Conclusion augustinienne : le goût du mal relève du pur orgueil, et de la volonté de braver l’interdit et l’autorité divine. Un acte qui n’est pas sans rappeler celui commis par Adam et Ève goûtant au fruit défendu, dans le jardin d’Éden. Le péché qu’ils commirent relevait de la même désobéissance à l’autorité. Dans la pensée d’Augustin, ce n’est plus une force maléfique extrinsèque à l’individu qui serait la source du mal, mais l’individu lui-même. Nous voilà rassurés. Au moins en partie.

Le mal n’existe donc pas ontologiquement, au sens de l’être. Il devient le fruit d’une défaillance de la stricte volonté. L’homme dispose d’un libre arbitre : bon à l’origine comme toutes les choses issues de Dieu, il n’est pas exempt de faiblesses.

Problème :  l’homme n’a pas toujours eu une volonté défaillante.

En effet, depuis le péché originel commis par Adam et Ève tous les hommes qui naissent sur Terre sont, selon la désignation adéquate, des  pécheurs auxquels échappent le contrôle d’eux-mêmes. La volonté n’a plus la force de vouloir et de faire pleinement le bien. Même s’il n’y en a qu’une, elle est subordonnée à ses faiblesses dans la mesure où l’on peut vouloir et ne pas vouloir en même temps :

« C’était moi qui voulais ; c’était moi qui ne voulais pas. Ni je disais pleinement oui, ni je disais pleinement non. D’où cette lutte avec moi-même. » 

Une citation reprise par Augustin en référence aux écrits de saint Paul : 

« Car je ne sais pas ce que je fais ; le bien que je veux, je ne le fais pas; mais le mal que je hais, je le fais » (Épître aux Romains, 7:15).

L’AMOUR DE DIEU

Selon saint Augustin, seule la grâce de Dieu peut alors aider l’homme à galvaniser sa volonté et la faire tendre complètement vers le Bien. Sans ce recours à la grâce divine, il semble tout simplement impossible d’y parvenir.

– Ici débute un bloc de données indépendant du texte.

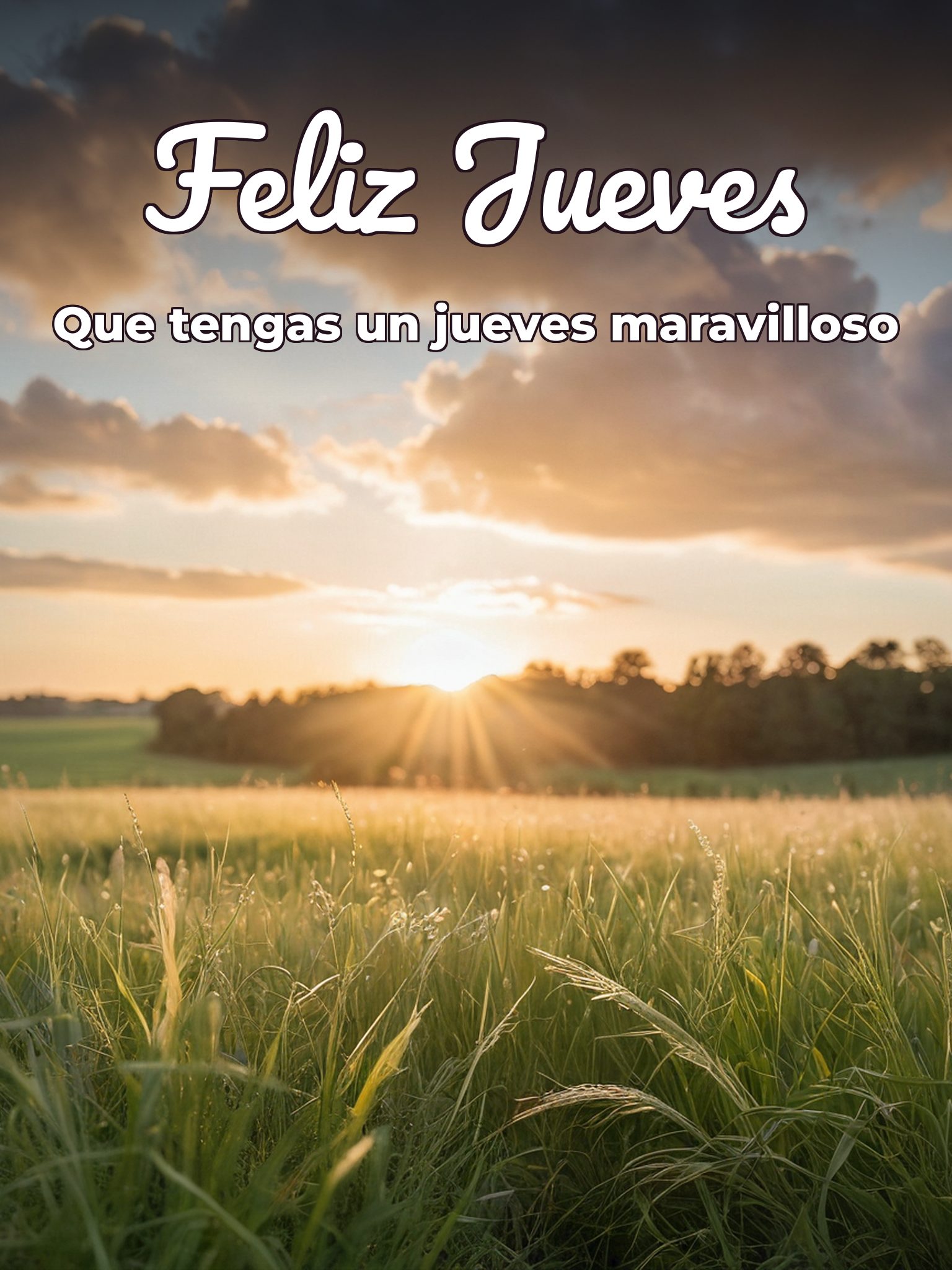 Bendecido jueves para WhatsApp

C’est la raison pour laquelle l’homme doit faire passer l’amour de Dieu avant toute chose ; et ce, jusqu’au mépris de soi.

De fait, l’amour de soi doit être relégué au second plan, car il revient à détourner sa volonté du divin pour privilégier sa propre personne et les biens de ce monde, éphémères et voués à disparaître. 

Comme l’écrit Plotin, qui joua un rôle majeur dans la pensée de saint Augustin : 

« L’estime des choses d’ici-bas et le manque d’estime  des âmes pour elles-mêmes, c’est-à-dire : en tant qu’elles sont issues de Dieu, sont la cause de leur ignorance totale du dieu. » 

Mais dans la pensée de Plotin - philosophe gréco-romain de l'Antiquité tardive, représentant principal du courant philosophique appelé « néoplatonisme » : à travers lui, la pensée grecque classique affronte désormais les mouvements gnostiques plus ou moins proches du christianisme et du manichéisme - il s’agit d’une défaillance cognitive.  En bon platonicien, Plotin estimant qu’on ne pèche que par ignorance.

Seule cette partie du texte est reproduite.